El espíritu positivo, precisamente por su sensibilidad para lo real, por su necesidad de vivir de ello, percibe lo que falta, lo que es desviación, acaso extravío, caída. Todo eso le duele, lo lamenta, lo señala si es menester, con el deseo o la voluntad de remediarlo. Pero la imperfección no le impide ver lo que es la mayor parte.

En esto reside el punto flaco del negativismo. Su percepción se concentra en una porción limitada de la realidad, si se hacen bien las cuentas una fracción exigua. Es una cuestión de atención, de proximidad, si se prefiere. Si alguien pone un dedo delante de los ojos, bien cerca de ellos, no ve nada ;a lo sumo, ese dedo que se interpone entre los ojos y el resto de la realidad, es decir, toda ella.

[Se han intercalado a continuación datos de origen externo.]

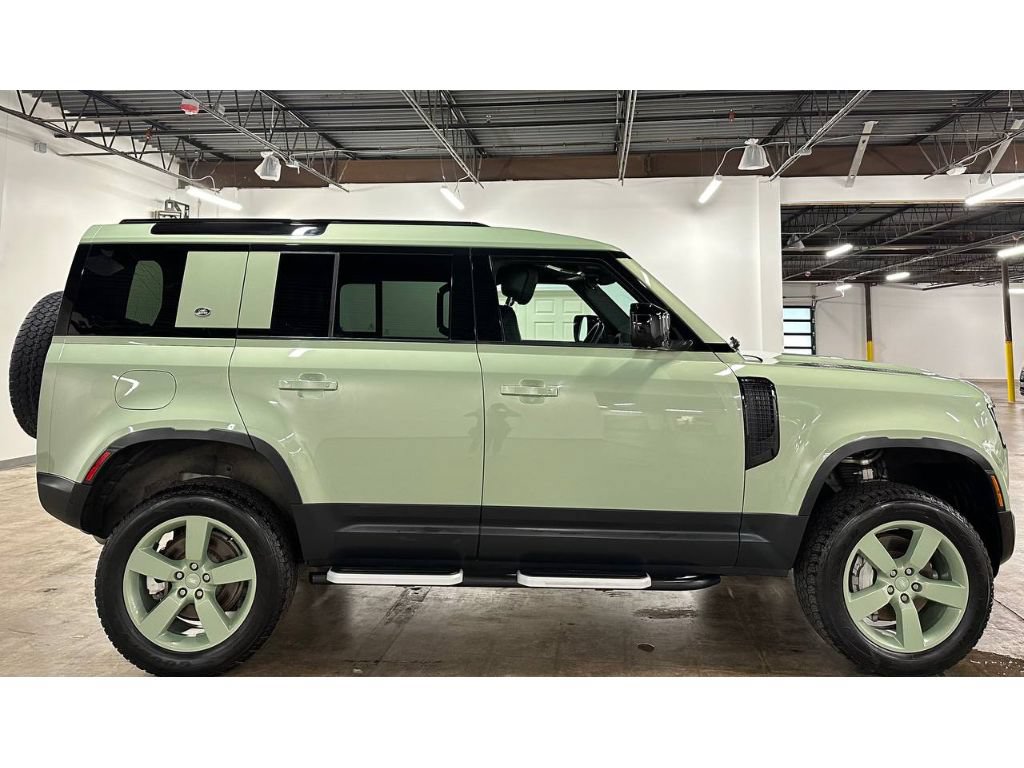 Used 2023 Land Rover Defender 110 75th Limited Edition AWD/4WD image 9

Tuve mucho tiempo deseo de escribir un artículo titulado «Don Pero». Pensaba en aquellos que, ante una realidad espléndida -una mujer particularmente hermosa, un paisaje espléndido, un libro o un cuadro maravilloso, una acción noble o heroica-, dicen: «Sí, pero.» En lugar de admirar, de exaltarse ante aquello y luego, si es menester, señalar un pequeño defecto, una leve omisión, algo que se podría añadir; y, sobre todo, con voluntad de añadirlo si es posible.

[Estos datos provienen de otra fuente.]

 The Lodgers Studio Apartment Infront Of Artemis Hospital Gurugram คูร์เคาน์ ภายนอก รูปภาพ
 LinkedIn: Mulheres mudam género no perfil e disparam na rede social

Los males existen, ciertamente, y nadie en su sano juicio podría negarlo. La maldad existe también, y es mucho más grave. Me repugna indeciblemente que se traten como «calamidades» las maldades humanas. Se habla de las matanzas, de las crueldades, de las opresiones, de las vejaciones a las personas, como si fuesen equiparables a los terremotos, las inundaciones, los volcanes en erupción, las olas de calor o de frío, los temporales. Los males proceden del engranaje de las causas naturales, del azar, de las limitaciones del mundo, que las técnicas intentan superar hasta donde es posible. La maldad tiene su raíz en la libertad del hombre -lo más precioso de él, pero también lo más peligroso-; por eso la maldad es gravísima, sobre todo porque es «evitable», porque está en nuestra mano no dejarla brotar o remediarla y corregirla.

Pero todo ello representa una fracción reducida de lo real. Todos los desastres y todas las maldades en su pavoroso conjunto son incomparablemente menores que aquello en que surgen y los rodea, lo que es afectado y herido por ello. El negativismo es, ante todo, un error de cálculo.

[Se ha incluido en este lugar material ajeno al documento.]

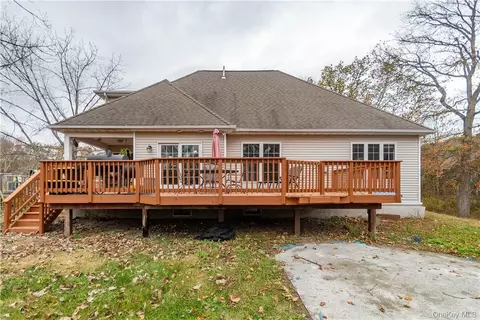 Exterior - 181 David Dr, Poughkeepsie, NY 12601 photo 9 of 11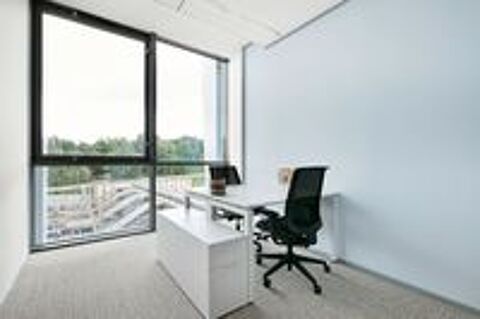   Accs tout compris aux [bureaux/espaces de coworking/salons d'affaires/etc.]  STOP & WORK VERSAILLES CHANTIER  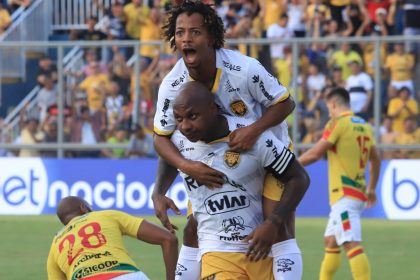 SEDEL - Sassá e Ênio Comemoram Gol do Amazonas FOTO Julcemar Alves Sedel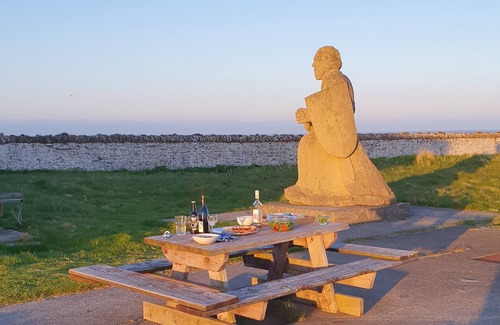 Wick House | Dog-friendly self-catering cottage on the NC500 | Perfect for couples & families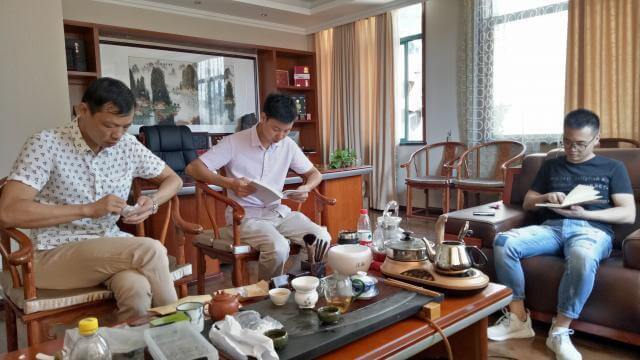 趙李橋茶廠武漢分公司加強(qiáng)政治學(xué)習(xí)  不斷提高理論素養(yǎng)和業(yè)務(wù)能力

Lo que pasa es que la atención se concentra sobre todo en lo negativo, lamentable, perverso. He recordado muchas veces la definición que Goethe da del demonio: «der Geist, der stets verneint», «el espíritu que siempre niega». La palabra decisiva es «siempre» -por eso lo peor del diablo es su monotonía-. Hay que negar algunas veces, pero ¿siempre? Goethe emplea certeramente la fórmula del negativismo.

Esa monotonía hace que, en cualquier circunstancia, sepamos ya lo que algunos van a decir. Van a «oponerse», a «descalificar», a «condenar» -sobre todo si se trata de algo bueno, inteligente o acertado-. Lo peor de todo, y lo más difícilmente curable, es que el negativista lo es primariamente de sí mismo. Tiene un profundo descontento, tal vez un desprecio de su propia realidad. Y esto es también un error, un error más: ninguna persona como tal es despreciable; lo son sus actos, sus palabras, su conducta; la persona misma, no. Y por eso la adversa sentencia que el negativista pronuncia silenciosamente contra sí mismo no tiene por qué ser definitiva. Su mal no es incurable, precisamente porque el hombre es libre y tiene la capacidad de volver sobre sí mismo, rectificar, arrepentirse, escapar del error.

El espíritu positivo está alerta ante la realidad entera. No la confunde con ciertas porciones de ella, que están ahí, en su puesto, que en últimas cuentas es bastante reducido. Ahora que se hacen tantas estadísticas y sondeos, sería interesante comparar el desplazamiento de lo malo y dañoso en la imagen que nos presentan los medios de comunicación con el puesto real que tiene en el mundo. Y no digamos si no pensamos sólo en «el mundo», en el planeta que habitamos, sino en la realidad íntegra, pasada y presente, futura o simplemente posible, en lo que se puede imaginar, esperar y, en alguna medida, hacer.